ITE is delighted to offer world-class Maksutov-Newtonian Reflector telescopes from INTES and INTES-MICRO of Russia. The Maksutov-Newtonian optical technology was first developed in 1944 by Norbert J. Schell. Schell published his design for an 8-inch f/4 Mak-Newt in Scientific American. Several scopes were built by amateur astronomers using Schell’s design and their owners were enthralled with their outstanding performance. Here is one case in point: In 1946, three Australian amateur astronomers built a 6-inch version of Schell’s design. Here is what they said about the performance of the optic: “Remarkably small and sharp images of stars were obtained, free from coma and colour,” they reported. “The image of Jupiter as a sharp as if viewed through a first-grade refractor. Yet, the bluish halo visible around the disc with even the best glass was entirely absent.”
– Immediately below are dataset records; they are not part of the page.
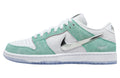 April Skateboards x Nike SB Dunk Low FD2562-400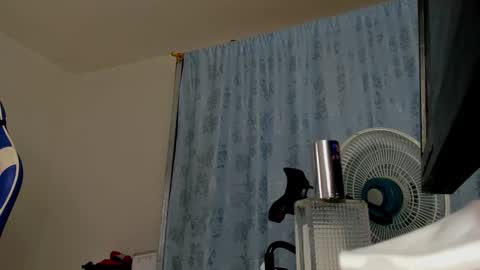 Camila online show from October 30, 2025, 4:41 pm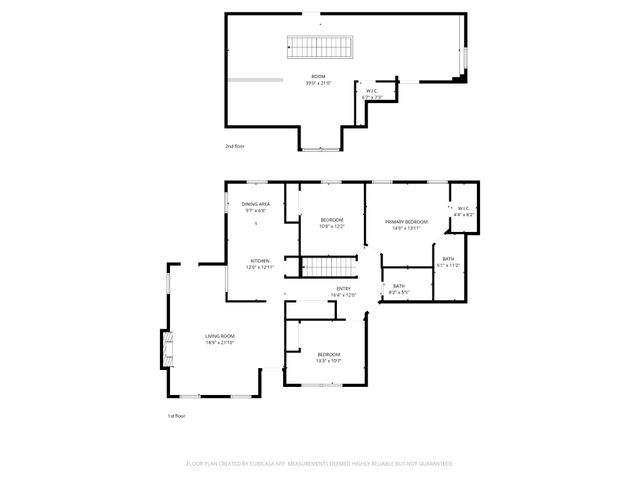 2212 Spartan Ct, Murfreesboro, TN 37128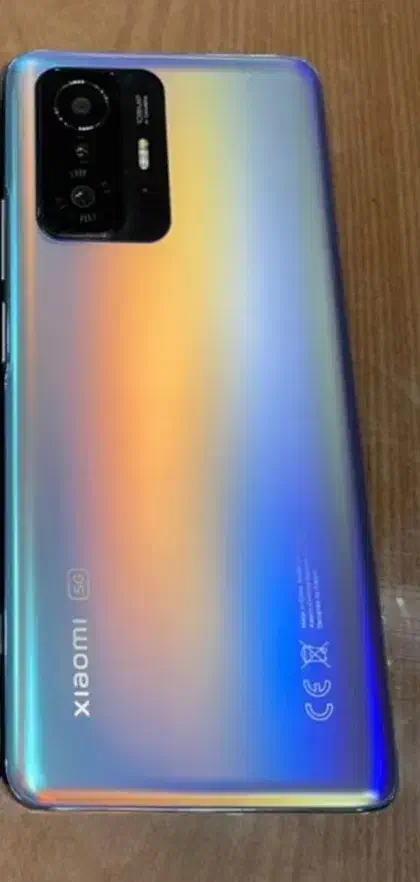 mi11t pro 256|موبایل|زاهدان, |دیوار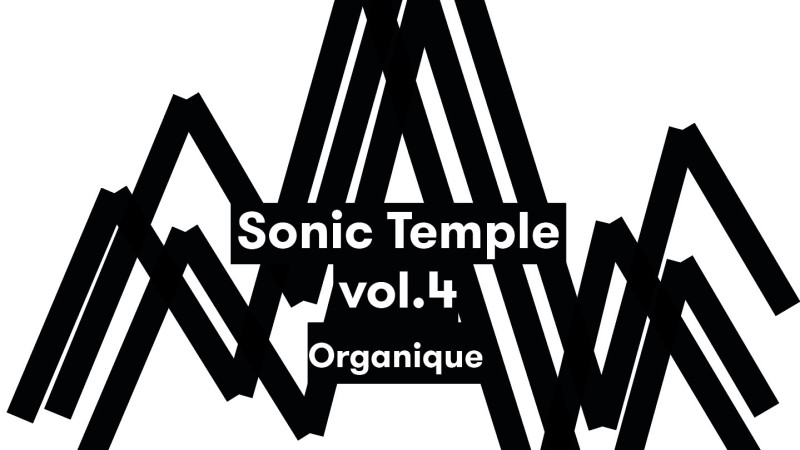 Sonic temple vol.4
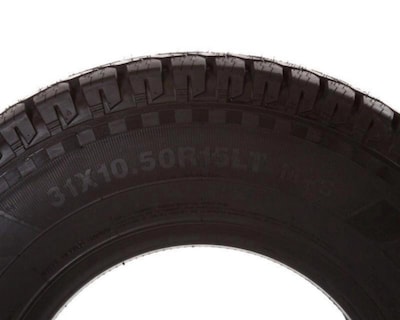 Foto 4 | Llanta Ecovision 31 10.5 R15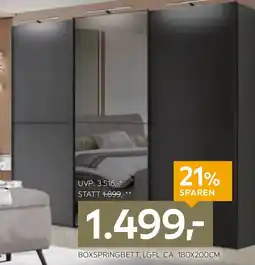 XXXLutz Schwebetürenschrank Angebot
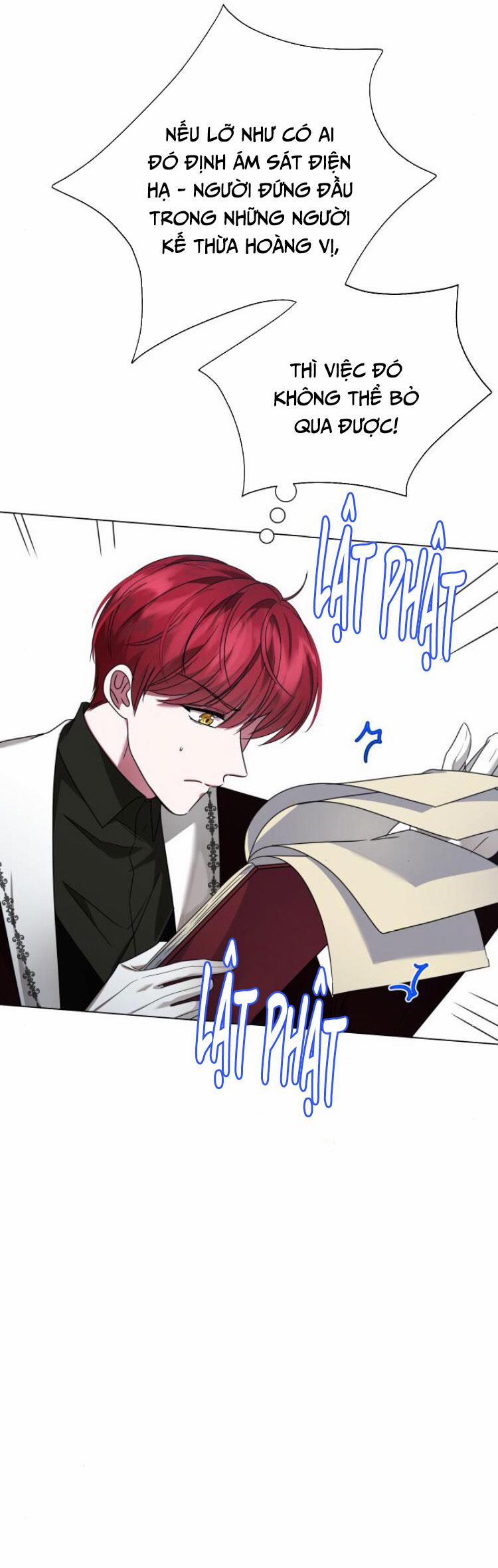 Hoán Đổi Linh Hồn 10.5 trang 21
Newtonian Reflector History
This design became a “sleeper” until the early 1990s. In 1993, Peter Ceravolo in Canada started the commercial production of “Mak-Newts” with his near-perfect Maksutov-Newtonian systems called the HD 145 and the HD 216. This was followed more recently by an announcement by Astrophysics/USA of their intent to produce a new 9″ F/4.5 Maksutov-Newtonian (yet to hit the streets). Attendees at recent US and European Star Parties who have had the pleasure of observing the planets with the new Maksutov-Newtonians have been both surprised and pleased with the almost unbelievable results from these “combination” scopes. Cervalo’s HD 145 outperformed 130 mm APO Fluorites and the HD 216 outperformed 7″ APOs.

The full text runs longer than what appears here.